** Task details **
Take nothing but the lines from the one with "PINK AND ORANGE BOUQUET" through the one with "Goku Ssj4 Gt" in the entries below, both ends kept, and return them exactly with pictures left out.
Given records below:
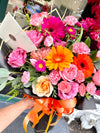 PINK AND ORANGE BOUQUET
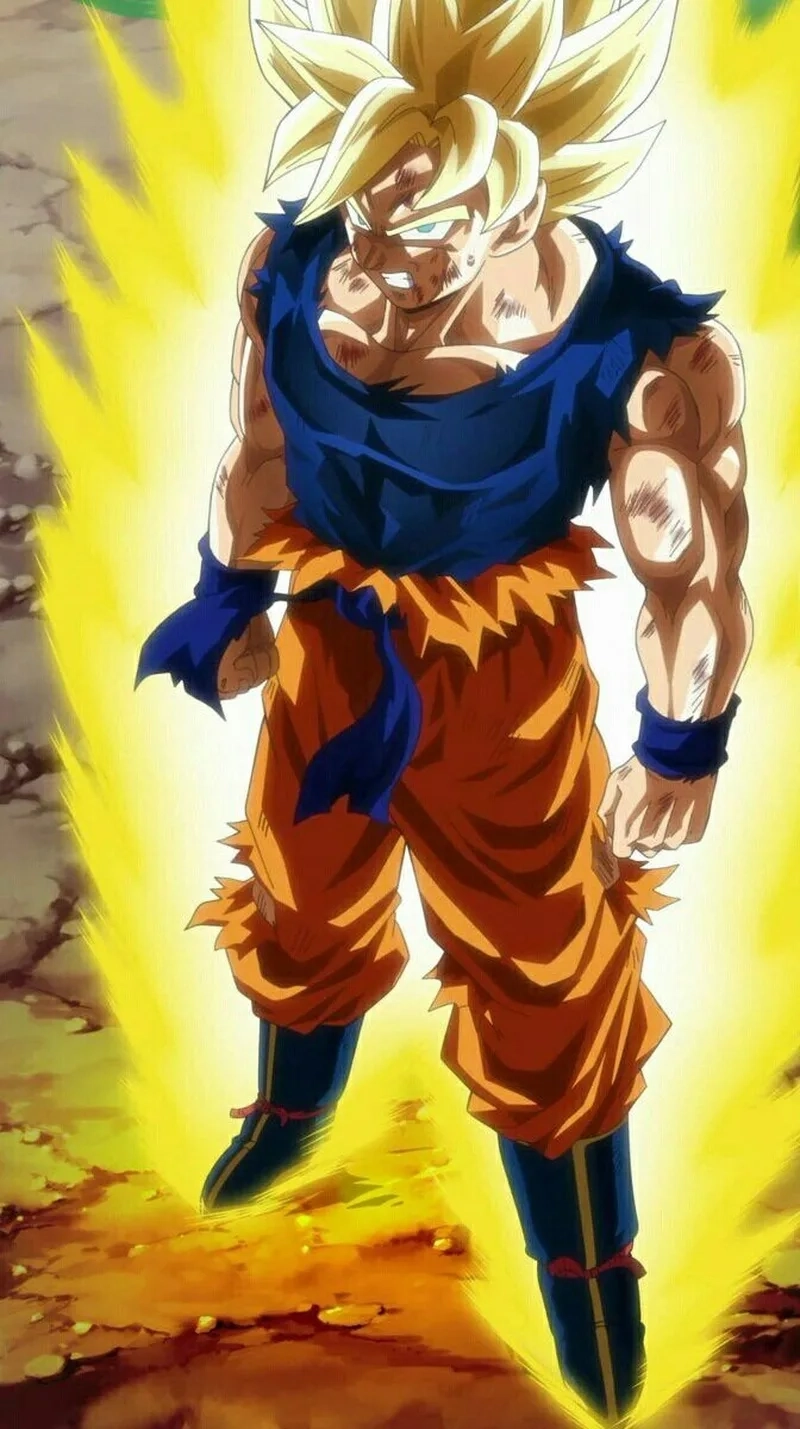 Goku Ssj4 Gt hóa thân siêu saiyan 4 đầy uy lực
End of Given records.
Given records below:
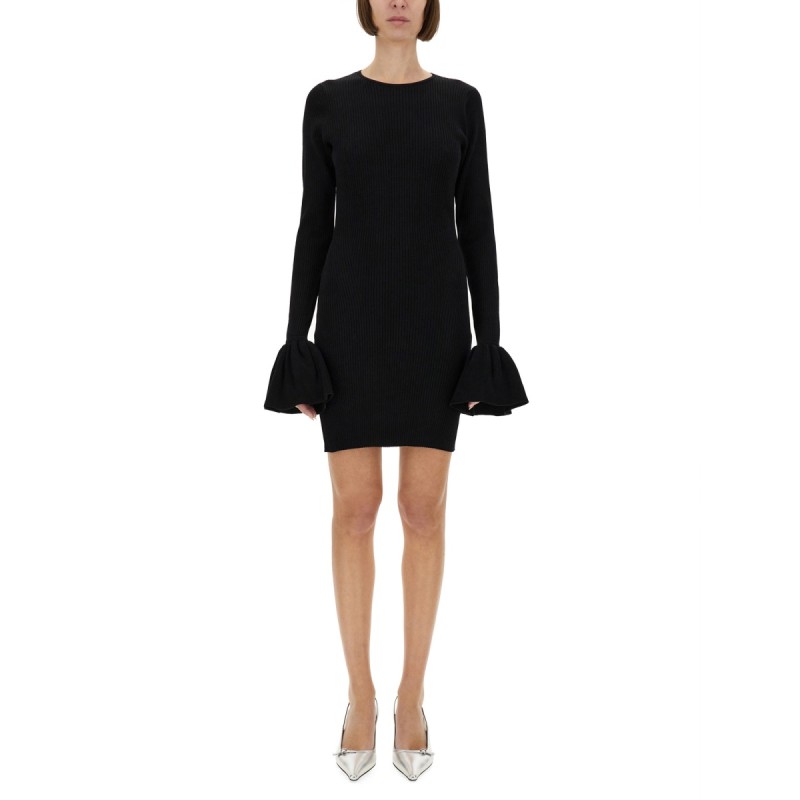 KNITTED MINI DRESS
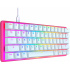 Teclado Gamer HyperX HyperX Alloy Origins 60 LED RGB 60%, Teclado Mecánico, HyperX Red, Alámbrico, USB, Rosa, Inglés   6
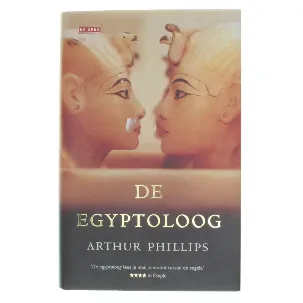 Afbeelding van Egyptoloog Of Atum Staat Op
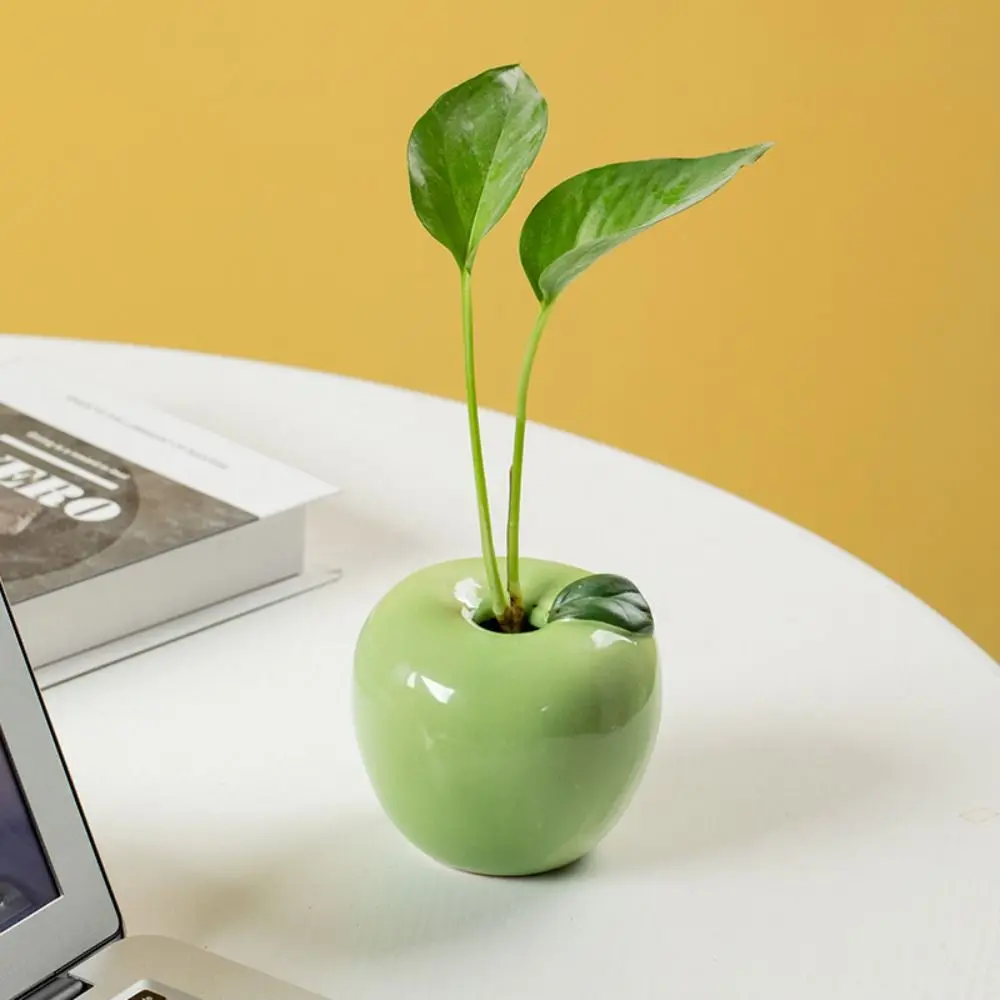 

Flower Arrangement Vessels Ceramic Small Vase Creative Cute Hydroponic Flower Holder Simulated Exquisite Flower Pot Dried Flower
End of Given records.
** Output of the exercise **
 PINK AND ORANGE BOUQUET
 Goku Ssj4 Gt hóa thân siêu saiyan 4 đầy uy lực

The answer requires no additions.